> [PROVIDED RECORDS]
◆ ◆ ◆ ◆ ◆

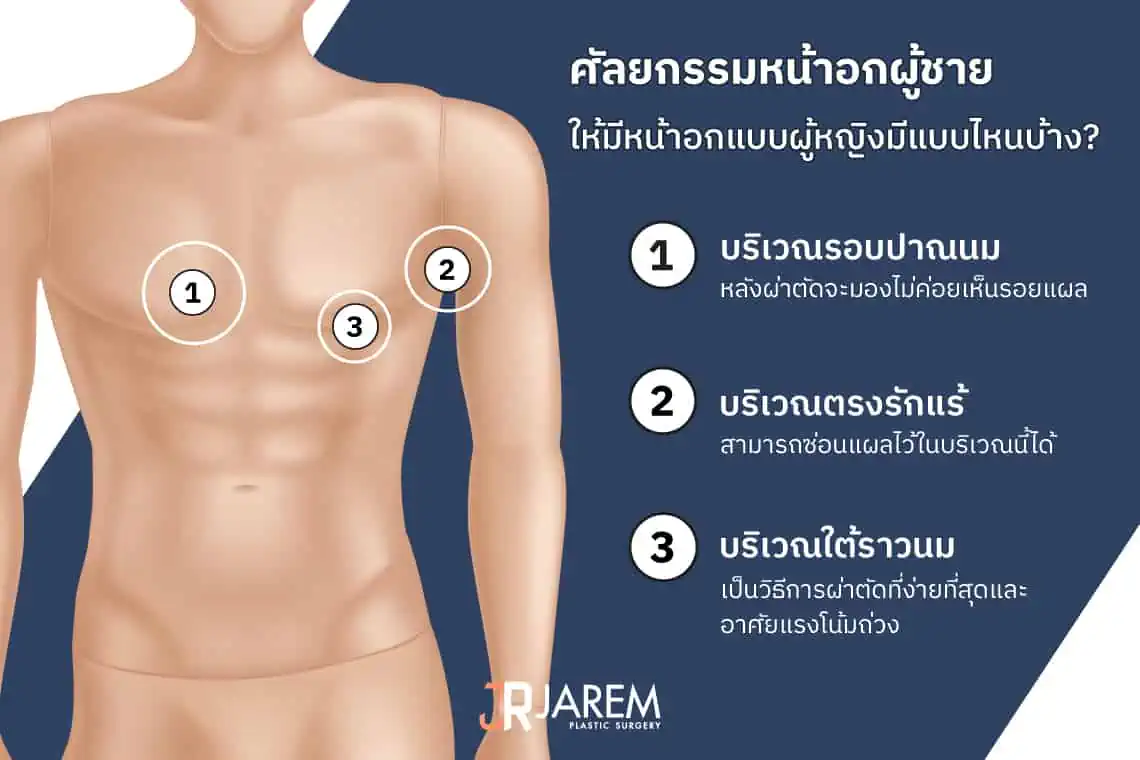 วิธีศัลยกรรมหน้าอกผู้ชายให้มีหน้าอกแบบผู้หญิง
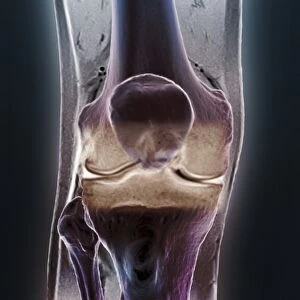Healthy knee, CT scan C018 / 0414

◆ ◆ ◆ ◆ ◆

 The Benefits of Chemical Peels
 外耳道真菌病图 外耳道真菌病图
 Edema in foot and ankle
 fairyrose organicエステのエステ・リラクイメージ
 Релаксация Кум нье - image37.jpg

◆ ◆ ◆ ◆ ◆

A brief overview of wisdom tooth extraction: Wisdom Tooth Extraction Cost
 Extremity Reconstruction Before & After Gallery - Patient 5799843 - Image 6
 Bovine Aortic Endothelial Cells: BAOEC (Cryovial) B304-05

◆ ◆ ◆ ◆ ◆

> [WHAT YOU ARE ASKED TO DO] Give exactly the lines above that run from the line with "วิธีศัลยกรรมหน" to the line with "Healthy knee, CT scan C018 / 0414", both included, leaving every picture out.

> [SOLUTION TO THIS PROBLEM]
 วิธีศัลยกรรมหน้าอกผู้ชายให้มีหน้าอกแบบผู้หญิง
Healthy knee, CT scan C018 / 0414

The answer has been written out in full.